Идея автономизации видов в процессе эволюции не столь уж нова. П. В. Серебровский еще в 1930 году писал: «…если ход эволюции есть постепенное освобождение из-под власти среды, то, идя вверх, мы должны ожидать перехода этой независимости во власть над природой. Человек и осуществляет этот финал. Наоборот, спускаясь в глубь времен, мы видим все большую и большую зависимость от власти среды». В то же время Дж. Хаксли выступил с теорией «неограниченного прогресса», согласно которой все линии эволюции оказываются в конце концов тупиками, кроме той, которая ведет к человеку. Она-то и называется линией неограниченного прогресса.
Можно ли с такой концепцией согласиться? Кольцов резко возражал против нее, называя ее «ненаучным предрассудком»: «Всегда человеку кажется, что он является венцом прогресса, и ему отводится самая высшая ступень биологической лестницы».
Трудно ответить на этот вопрос однозначно. Парадоксально, что линией «неограниченного прогресса» именуется единственная линия, границу которой мы можем проследить, ибо сами являемся ею. Иные ветви называть тупиковыми не возбраняется, но это недоказуемо, потому что о судьбах их можно будет что-нибудь утверждать в столь далеком будущем, что никто из нас не доживет до этого. С другой стороны, не смешиваем ли мы вещи в принципе несравнимые? Да, человек сейчас ступил на поверхность Луны, опустился на дно океана, переделал всю планету и может уничтожить всю жизнь на ней, включая самого себя. Но с той поры как он создал мало-мальски пригодный каменный топор, он принципиально не изменился. Всемогущим его сделали не факторы эволюции, а факторы иные — развитие рассудочной деятельности, создание общества, труд, накопление знаний. Голый человек на голой земле отнюдь не всемогущ, он слабее любого зверя, и от автономности его ничего не остается. А все атрибуты его всемогущества, от каменного топора до лазера, от меховой одежды до космического скафандра, теории эволюции «неподсудны», они лежат просто в другой плоскости. Конечно, линия, ведущая к человеку, — факт несомненный, но вот можно ли ее назвать неограниченным прогрессом.

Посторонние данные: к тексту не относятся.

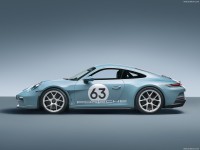 Porsche 911 S-T 2024 Poster 1560784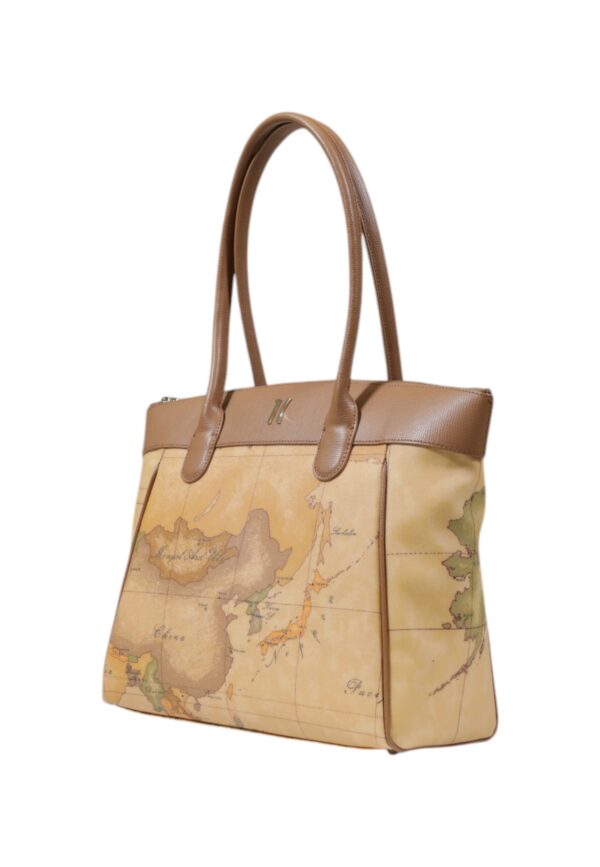 Alviero Martini Prima Classe - Alviero Martini Prima Classe Tas Dames - Afbeelding 2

В каком смысле прогресс следует считать неограниченным — с точки зрения развития возможностей человека (что верно) или его дальнейшей эволюции (что уже сомнительно)?
Рассмотрим еще одну сторону проблемы: какими путями среда определяет прогресс?
Популяция в ходе своей эволюции все время сталкивается с действием факторов внешней среды. Несколько условно их разделяют на абиотические (факторы неживой природы — такие, как температура и освещенность, влажность для наземных животных и ионный состав среды для водных) и биотические (действие на популяцию сосуществующих с ней животных и растений, среди которых могут быть хищники и паразиты, кормовые объекты и комменсалы-нахлебники, пищевые конкуренты и живущие с данным видом в симбиозе).
Действие факторов в течение жизни популяции способно колебаться, поэтому один и тот же фактор может оказаться благоприятным и неблагоприятным (температура может быть выше и ниже оптимума, лесным животным и растениям одинаково неудобны для жизни как пустыня, так и болото). Нет факторов всегда неблагоприятных. Даже хищники, прямо уничтожающие членов популяции, в умеренном количестве для нее полезны. Они истребляют в первую очередь больных, ослабленных и уже старых животных, а также неудачно, с точки зрения внешней среды, генетически изменившихся. Это мощный фактор стабилизирующего отбора.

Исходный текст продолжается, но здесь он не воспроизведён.